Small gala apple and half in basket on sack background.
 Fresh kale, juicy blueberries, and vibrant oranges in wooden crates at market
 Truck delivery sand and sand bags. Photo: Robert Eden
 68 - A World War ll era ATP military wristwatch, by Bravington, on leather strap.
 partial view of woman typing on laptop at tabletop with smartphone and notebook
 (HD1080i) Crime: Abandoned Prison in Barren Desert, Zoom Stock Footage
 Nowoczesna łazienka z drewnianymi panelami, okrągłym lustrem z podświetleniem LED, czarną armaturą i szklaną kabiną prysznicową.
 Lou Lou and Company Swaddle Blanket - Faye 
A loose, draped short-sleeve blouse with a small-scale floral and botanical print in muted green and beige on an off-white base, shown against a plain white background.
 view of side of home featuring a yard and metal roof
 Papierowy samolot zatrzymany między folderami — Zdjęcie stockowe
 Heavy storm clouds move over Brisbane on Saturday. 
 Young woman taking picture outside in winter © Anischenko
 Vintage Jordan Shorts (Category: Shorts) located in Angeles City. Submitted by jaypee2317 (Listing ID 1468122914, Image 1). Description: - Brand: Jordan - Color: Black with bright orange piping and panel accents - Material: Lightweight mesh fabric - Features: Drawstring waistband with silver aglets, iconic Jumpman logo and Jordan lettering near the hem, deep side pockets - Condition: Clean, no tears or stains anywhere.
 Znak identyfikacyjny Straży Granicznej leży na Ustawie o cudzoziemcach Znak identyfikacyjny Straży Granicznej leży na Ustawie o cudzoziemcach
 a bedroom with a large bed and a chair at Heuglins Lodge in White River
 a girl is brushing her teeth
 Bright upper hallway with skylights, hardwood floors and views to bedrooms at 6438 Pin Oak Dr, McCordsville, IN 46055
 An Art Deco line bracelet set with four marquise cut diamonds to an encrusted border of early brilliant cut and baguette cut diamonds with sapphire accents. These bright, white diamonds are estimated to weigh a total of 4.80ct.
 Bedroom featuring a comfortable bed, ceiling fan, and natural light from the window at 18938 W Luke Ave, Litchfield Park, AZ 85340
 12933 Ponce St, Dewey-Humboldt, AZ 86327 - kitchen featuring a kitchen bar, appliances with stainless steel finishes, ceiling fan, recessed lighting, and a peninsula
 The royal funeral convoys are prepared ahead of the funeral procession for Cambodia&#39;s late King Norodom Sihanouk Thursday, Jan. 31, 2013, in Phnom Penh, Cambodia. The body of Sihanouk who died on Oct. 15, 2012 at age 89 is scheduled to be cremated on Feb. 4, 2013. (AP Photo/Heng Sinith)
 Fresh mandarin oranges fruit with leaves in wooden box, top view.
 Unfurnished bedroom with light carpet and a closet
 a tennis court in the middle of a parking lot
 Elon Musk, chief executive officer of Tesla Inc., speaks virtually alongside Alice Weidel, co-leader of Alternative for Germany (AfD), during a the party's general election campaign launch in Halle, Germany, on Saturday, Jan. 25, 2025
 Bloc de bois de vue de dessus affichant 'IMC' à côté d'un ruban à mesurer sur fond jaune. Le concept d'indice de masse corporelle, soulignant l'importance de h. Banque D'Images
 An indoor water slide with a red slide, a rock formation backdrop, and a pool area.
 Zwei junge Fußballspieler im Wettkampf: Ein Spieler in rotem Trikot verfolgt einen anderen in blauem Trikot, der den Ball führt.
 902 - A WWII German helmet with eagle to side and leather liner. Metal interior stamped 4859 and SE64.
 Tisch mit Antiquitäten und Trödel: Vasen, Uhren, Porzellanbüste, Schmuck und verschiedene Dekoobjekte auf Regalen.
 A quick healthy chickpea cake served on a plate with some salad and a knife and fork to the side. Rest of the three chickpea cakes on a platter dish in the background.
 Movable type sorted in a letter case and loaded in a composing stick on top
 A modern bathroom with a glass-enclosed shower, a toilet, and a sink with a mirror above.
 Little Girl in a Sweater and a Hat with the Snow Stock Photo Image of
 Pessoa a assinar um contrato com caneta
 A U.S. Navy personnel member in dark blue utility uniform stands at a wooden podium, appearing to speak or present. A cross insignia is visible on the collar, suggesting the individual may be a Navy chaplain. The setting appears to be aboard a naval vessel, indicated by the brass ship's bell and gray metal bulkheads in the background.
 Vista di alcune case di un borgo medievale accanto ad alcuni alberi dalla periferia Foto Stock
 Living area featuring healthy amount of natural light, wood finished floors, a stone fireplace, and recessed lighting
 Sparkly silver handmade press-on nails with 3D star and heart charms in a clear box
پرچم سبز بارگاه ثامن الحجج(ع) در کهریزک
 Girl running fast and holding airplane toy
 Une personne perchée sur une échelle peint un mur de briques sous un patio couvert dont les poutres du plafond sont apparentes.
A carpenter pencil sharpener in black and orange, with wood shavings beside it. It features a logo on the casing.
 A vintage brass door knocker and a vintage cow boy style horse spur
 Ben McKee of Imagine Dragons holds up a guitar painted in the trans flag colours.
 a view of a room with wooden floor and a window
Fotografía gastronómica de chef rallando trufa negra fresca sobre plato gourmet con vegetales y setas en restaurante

Problem statement
Scan the listing above and copy all lines containing the word "natural".

Expected output
 Bedroom featuring a comfortable bed, ceiling fan, and natural light from the window at 18938 W Luke Ave, Litchfield Park, AZ 85340
 Living area featuring healthy amount of natural light, wood finished floors, a stone fireplace, and recessed lighting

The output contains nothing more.